§ **RAW DATA**:
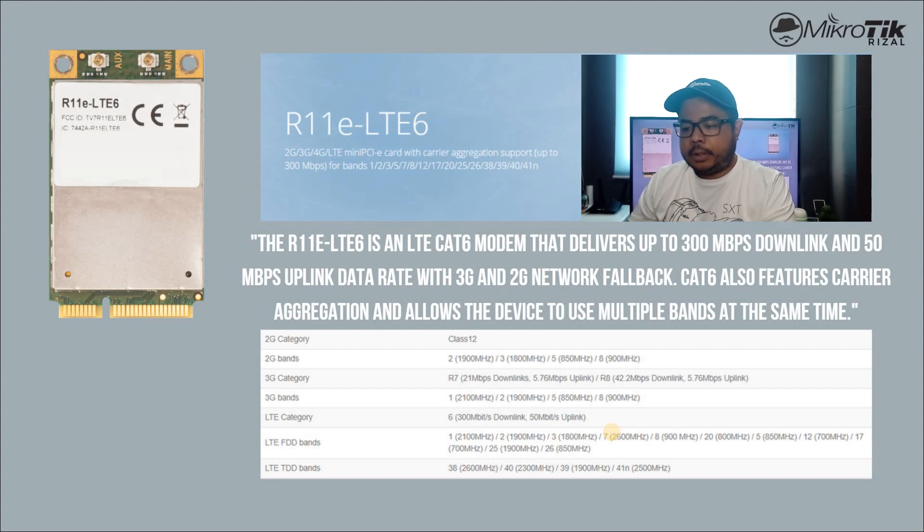The 2G bands are 2, 3, 5, 8. A 3G band is 1, 2, 5, 8. Then the LTE FDD bands: 1, 2, 3, 7, 8, 25, 12, 17, 26. And for LTE TDD bands: 38, 40, 39, 41. Si LTE 6 yung pinakamarami yung available na band.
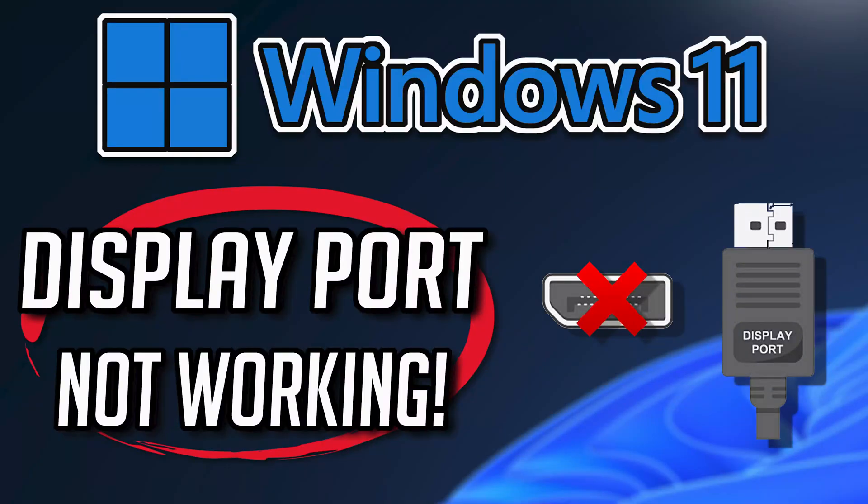If you connect your monitor to your PC and the DisplayPort is not working or shows no signal, but your HDMI port works fine, this could be happening because your GPU drivers are outdated or corrupt, or because there are issues with your cables or ports. In this tutorial you'll learn three solutions so you can use your DisplayPort connection again. This tutorial applies to Windows 11 and Windows 10.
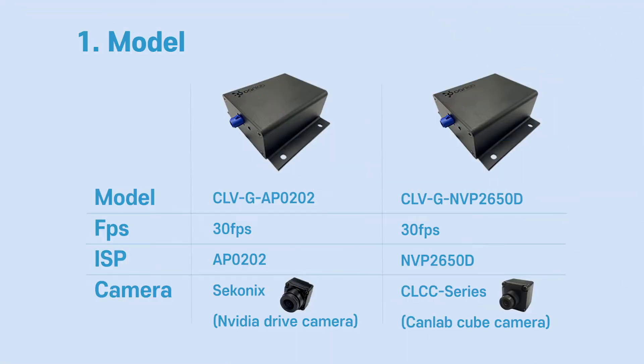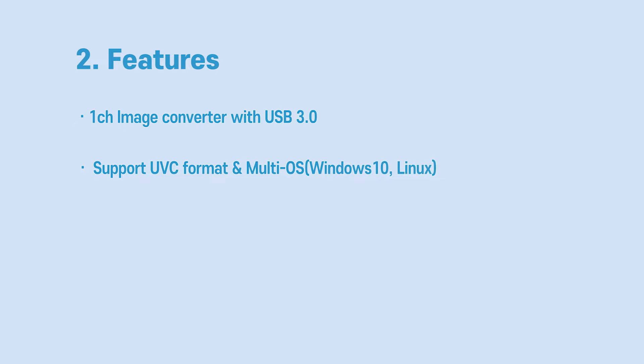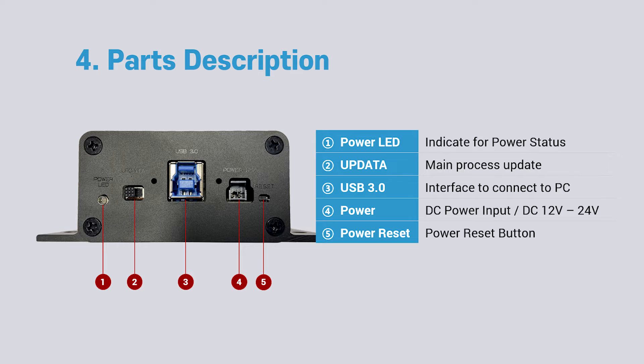There are two model lineups, and different cameras are compatible with each model. Below are the main product specifications. The package includes a DC adapter and a USB 3.0 B-type cable, along with a function explanation for each component.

§ **TASK**:
Could you print the data exactly as it appears and keep the pictures out?

§ **SOLUTION TO THIS TASK**:
The 2G bands are 2, 3, 5, 8. A 3G band is 1, 2, 5, 8. Then the LTE FDD bands: 1, 2, 3, 7, 8, 25, 12, 17, 26. And for LTE TDD bands: 38, 40, 39, 41. Si LTE 6 yung pinakamarami yung available na band.
If you connect your monitor to your PC and the DisplayPort is not working or shows no signal, but your HDMI port works fine, this could be happening because your GPU drivers are outdated or corrupt, or because there are issues with your cables or ports. In this tutorial you'll learn three solutions so you can use your DisplayPort connection again. This tutorial applies to Windows 11 and Windows 10.
There are two model lineups, and different cameras are compatible with each model. Below are the main product specifications. The package includes a DC adapter and a USB 3.0 B-type cable, along with a function explanation for each component.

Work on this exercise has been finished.